Research in this area ranges from algebraic topics such as semigroups and groups (finite, profinite, or general) to mathematical models used in computer science, namely various flavors of automata and formal languages. Current work aims not only to contribute to the theories of each of the topics but also to explore the connections between them, with applications in both directions.
The beginning of the area of semigroups, automata and languages (SAL) at CMUP can be traced back to 1987, when Jorge Almeida joined the Pure Mathematics Department at the Faculty of Sciences of the University of Porto. His pioneering work on the profinite approach to finite semigroup theory, which was then starting to flourish, eventually earned him and his school wide international recognition. Several of his doctoral students, including the current Director of CMUP, not only contributed significantly to the area but also eventually proved their autonomy by pursuing different branches of Mathematics. This reflects, in part, the interaction with other areas of Mathematics that Jorge Almeida has always sought, among which deserve particular mention universal algebra, profinite group theory, and symbolic dynamics.

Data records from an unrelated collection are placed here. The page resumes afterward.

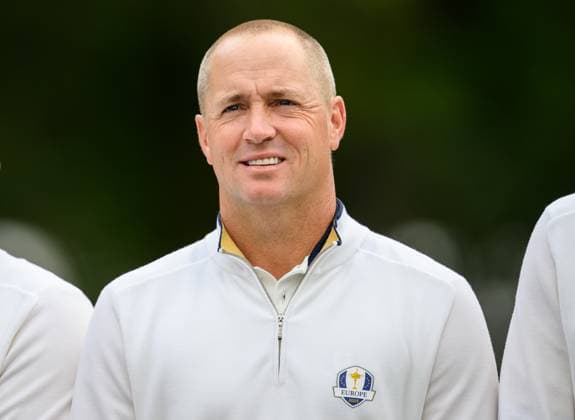 250923 Vice Captain Alex Norén of Team Europe during a photo session on day 3 of the Ryder Cup on September 23, 2025 in New York Photo Jesper Zerman BILDBYRAN kod JZ JZ0614 golf ryder cup usa europe bbeng  Copyright: JESPERxZERMAN BB250923JZ088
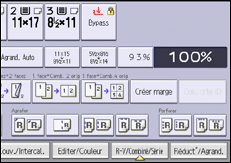 Illustration de l'écran du panneau de commande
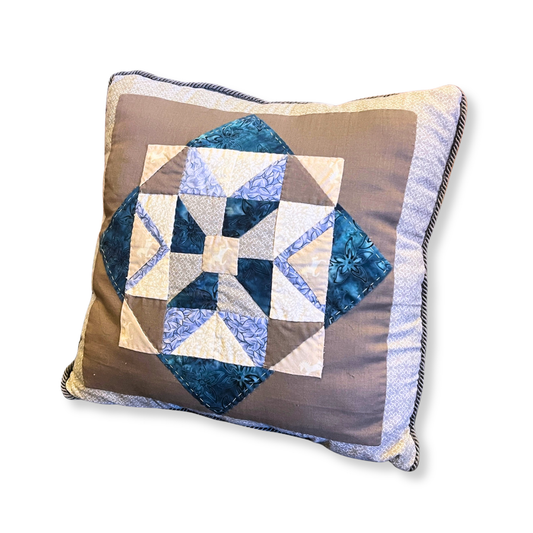 Quilted || Handmade Medium Throw Pillow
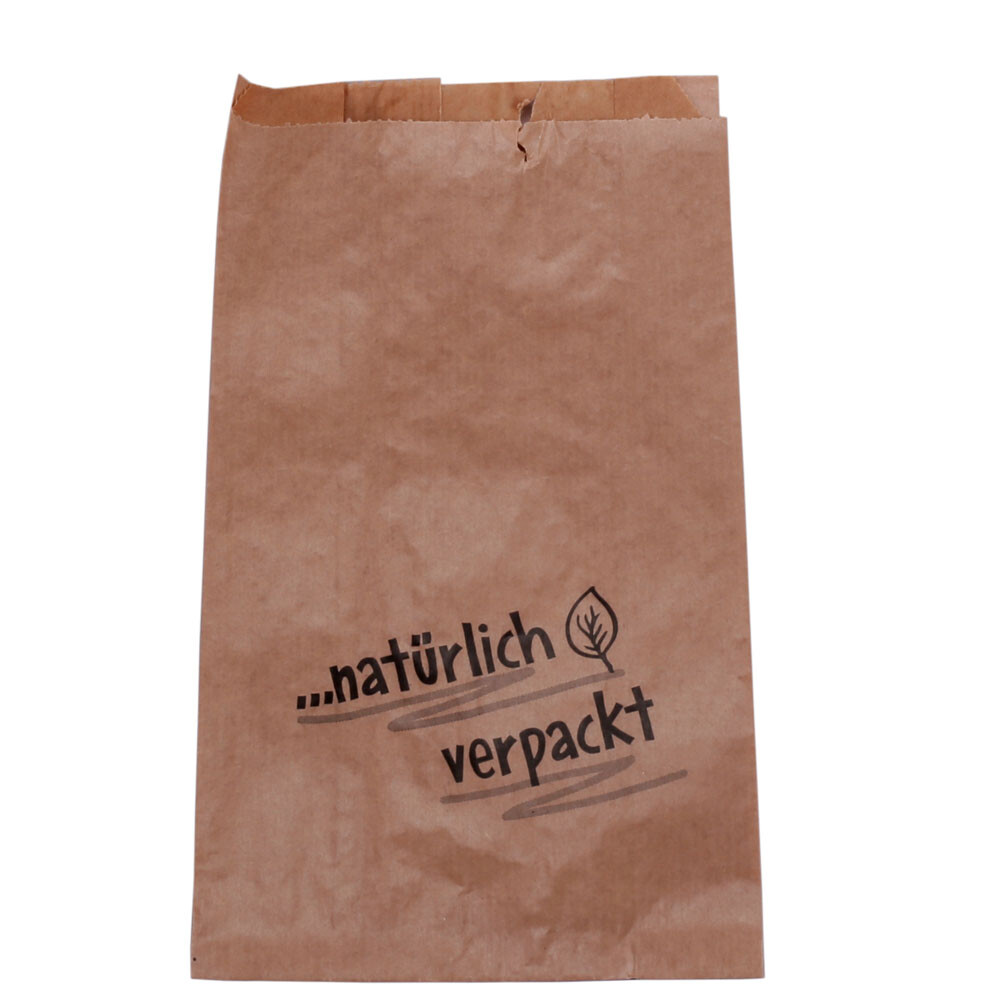 Faltenbeutel braun ...natürlich verpackt, 23+11x45 cm Faltenbeutel braun ...natürlich verpackt, 23+11x45 cm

In the early 1990s, another path to this group was opened by the Master's degree in Algebra at the University of Lisbon, which eventually led to four doctorates in the algebraic theory of semigroups (three in the United Kingdom and one in the United States) who integrated the SAL group. Among them, Pedro V. Silva, whose post-doctoral work ranges mostly from combinatorial semigroup and group theory, essentially using automata and language theory methods, to geometric group theory, has deserved widespread international recognition.

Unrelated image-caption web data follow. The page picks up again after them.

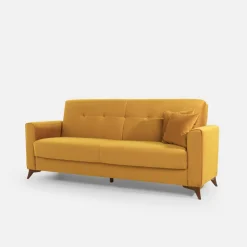 Wersalka musztardowa STOCKHOLM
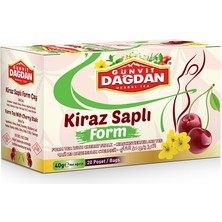 DS LLC Kiraz Saplı Form Çayı  Bardak Poşet 20’li DSLLC34-43TX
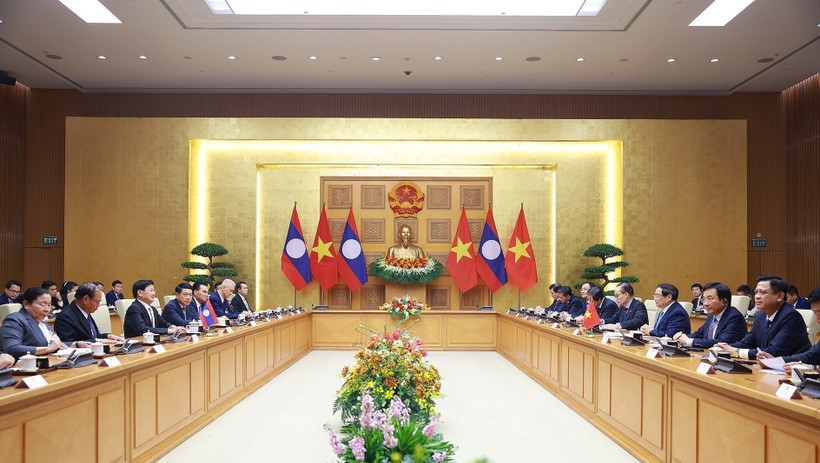 Đưa quan hệ hai nước Việt Nam-L&agrave;o ph&aacute;t triển ng&agrave;y c&agrave;ng đi v&agrave;o chiều s&acirc;u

After thesis and post-doctoral work on the profinite approach to semigroup theory, since around 2005 Manuel Delgado started developing tools for computing with automata, finite semigroups, and numerical semigroups within the computational algebra software GAP. His non-computational work since then, which has concentrated mostly on numerical semigroups, has been developed in close connection with his computational tools, which have served to discover and test combinatorial and number theoretical phenomena which were hitherto inaccessible.
In 2011, three researchers from the Computer Science Department interested in more computer-science oriented aspects of automata and formal language theory originating from LIACC (Artificial Intelligence and Computer Science Laboratory) joined the SAL line of CMUP. While Nelma Moreira and Rogério Reis have concentrated mostly on the worst-case and average-case descriptional complexity of formal languages, Sabine Broda has also collaborated in part of that work and has interests in richer computational models such as timed automata and Petri nets. Another addition to the group is the number-theorist by formation, António Machiavelo, who has already been involved in collaboration with the colleagues from the Computer Science Department, notably on the average-case descriptional complexity of regular languages and on cryptographic systems.